What you are asked to do =>
Output the data in full. Keep every entry exactly as written.

Given data =>
=== Begin Enclosure ===

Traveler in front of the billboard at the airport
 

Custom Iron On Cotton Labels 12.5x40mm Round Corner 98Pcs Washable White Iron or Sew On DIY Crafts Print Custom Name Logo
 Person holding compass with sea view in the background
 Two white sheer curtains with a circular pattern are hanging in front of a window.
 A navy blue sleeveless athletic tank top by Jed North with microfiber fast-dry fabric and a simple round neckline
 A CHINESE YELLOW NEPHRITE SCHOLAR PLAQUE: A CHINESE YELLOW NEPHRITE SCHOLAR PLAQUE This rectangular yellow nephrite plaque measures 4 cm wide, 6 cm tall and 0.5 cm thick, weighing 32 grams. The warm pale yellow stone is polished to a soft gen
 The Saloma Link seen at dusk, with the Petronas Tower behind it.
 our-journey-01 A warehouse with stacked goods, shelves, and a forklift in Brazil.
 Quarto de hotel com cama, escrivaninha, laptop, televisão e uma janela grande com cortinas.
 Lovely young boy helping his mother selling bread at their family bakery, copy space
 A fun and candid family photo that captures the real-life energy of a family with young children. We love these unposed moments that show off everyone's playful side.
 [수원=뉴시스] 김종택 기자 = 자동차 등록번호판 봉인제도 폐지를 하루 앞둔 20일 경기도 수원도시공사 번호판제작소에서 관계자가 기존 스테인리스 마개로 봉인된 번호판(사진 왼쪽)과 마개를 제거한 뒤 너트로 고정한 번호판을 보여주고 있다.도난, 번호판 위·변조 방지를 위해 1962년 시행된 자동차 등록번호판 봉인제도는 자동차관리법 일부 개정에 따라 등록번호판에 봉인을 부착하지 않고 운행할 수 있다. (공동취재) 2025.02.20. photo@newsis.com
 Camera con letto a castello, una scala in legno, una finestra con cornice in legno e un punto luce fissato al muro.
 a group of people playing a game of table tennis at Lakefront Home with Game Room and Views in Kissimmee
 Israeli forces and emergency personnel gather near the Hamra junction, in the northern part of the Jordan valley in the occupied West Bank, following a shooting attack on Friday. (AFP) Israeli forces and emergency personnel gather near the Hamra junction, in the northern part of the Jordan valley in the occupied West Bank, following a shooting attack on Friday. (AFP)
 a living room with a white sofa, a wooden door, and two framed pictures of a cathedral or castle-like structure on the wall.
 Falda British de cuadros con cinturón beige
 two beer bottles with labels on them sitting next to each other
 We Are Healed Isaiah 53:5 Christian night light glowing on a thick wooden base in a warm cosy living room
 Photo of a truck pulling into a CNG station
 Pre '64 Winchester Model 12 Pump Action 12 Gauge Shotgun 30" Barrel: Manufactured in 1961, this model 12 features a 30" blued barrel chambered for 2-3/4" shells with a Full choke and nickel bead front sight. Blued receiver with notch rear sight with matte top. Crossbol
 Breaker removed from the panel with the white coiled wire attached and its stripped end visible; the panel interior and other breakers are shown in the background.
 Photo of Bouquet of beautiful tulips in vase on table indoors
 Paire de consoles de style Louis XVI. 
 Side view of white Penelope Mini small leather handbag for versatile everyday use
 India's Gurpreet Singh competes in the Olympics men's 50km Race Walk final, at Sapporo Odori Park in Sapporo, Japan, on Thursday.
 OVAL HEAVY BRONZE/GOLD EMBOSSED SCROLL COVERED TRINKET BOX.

=== End Enclosure ===

Answer to this exercise =>
Traveler in front of the billboard at the airport
 

Custom Iron On Cotton Labels 12.5x40mm Round Corner 98Pcs Washable White Iron or Sew On DIY Crafts Print Custom Name Logo
 Person holding compass with sea view in the background
 Two white sheer curtains with a circular pattern are hanging in front of a window.
 A navy blue sleeveless athletic tank top by Jed North with microfiber fast-dry fabric and a simple round neckline
 A CHINESE YELLOW NEPHRITE SCHOLAR PLAQUE: A CHINESE YELLOW NEPHRITE SCHOLAR PLAQUE This rectangular yellow nephrite plaque measures 4 cm wide, 6 cm tall and 0.5 cm thick, weighing 32 grams. The warm pale yellow stone is polished to a soft gen
 The Saloma Link seen at dusk, with the Petronas Tower behind it.
 our-journey-01 A warehouse with stacked goods, shelves, and a forklift in Brazil.
 Quarto de hotel com cama, escrivaninha, laptop, televisão e uma janela grande com cortinas.
 Lovely young boy helping his mother selling bread at their family bakery, copy space
 A fun and candid family photo that captures the real-life energy of a family with young children. We love these unposed moments that show off everyone's playful side.
 [수원=뉴시스] 김종택 기자 = 자동차 등록번호판 봉인제도 폐지를 하루 앞둔 20일 경기도 수원도시공사 번호판제작소에서 관계자가 기존 스테인리스 마개로 봉인된 번호판(사진 왼쪽)과 마개를 제거한 뒤 너트로 고정한 번호판을 보여주고 있다.도난, 번호판 위·변조 방지를 위해 1962년 시행된 자동차 등록번호판 봉인제도는 자동차관리법 일부 개정에 따라 등록번호판에 봉인을 부착하지 않고 운행할 수 있다. (공동취재) 2025.02.20. photo@newsis.com
 Camera con letto a castello, una scala in legno, una finestra con cornice in legno e un punto luce fissato al muro.
 a group of people playing a game of table tennis at Lakefront Home with Game Room and Views in Kissimmee
 Israeli forces and emergency personnel gather near the Hamra junction, in the northern part of the Jordan valley in the occupied West Bank, following a shooting attack on Friday. (AFP) Israeli forces and emergency personnel gather near the Hamra junction, in the northern part of the Jordan valley in the occupied West Bank, following a shooting attack on Friday. (AFP)
 a living room with a white sofa, a wooden door, and two framed pictures of a cathedral or castle-like structure on the wall.
 Falda British de cuadros con cinturón beige
 two beer bottles with labels on them sitting next to each other
 We Are Healed Isaiah 53:5 Christian night light glowing on a thick wooden base in a warm cosy living room
 Photo of a truck pulling into a CNG station
 Pre '64 Winchester Model 12 Pump Action 12 Gauge Shotgun 30" Barrel: Manufactured in 1961, this model 12 features a 30" blued barrel chambered for 2-3/4" shells with a Full choke and nickel bead front sight. Blued receiver with notch rear sight with matte top. Crossbol
 Breaker removed from the panel with the white coiled wire attached and its stripped end visible; the panel interior and other breakers are shown in the background.
 Photo of Bouquet of beautiful tulips in vase on table indoors
 Paire de consoles de style Louis XVI. 
 Side view of white Penelope Mini small leather handbag for versatile everyday use
 India's Gurpreet Singh competes in the Olympics men's 50km Race Walk final, at Sapporo Odori Park in Sapporo, Japan, on Thursday.
 OVAL HEAVY BRONZE/GOLD EMBOSSED SCROLL COVERED TRINKET BOX.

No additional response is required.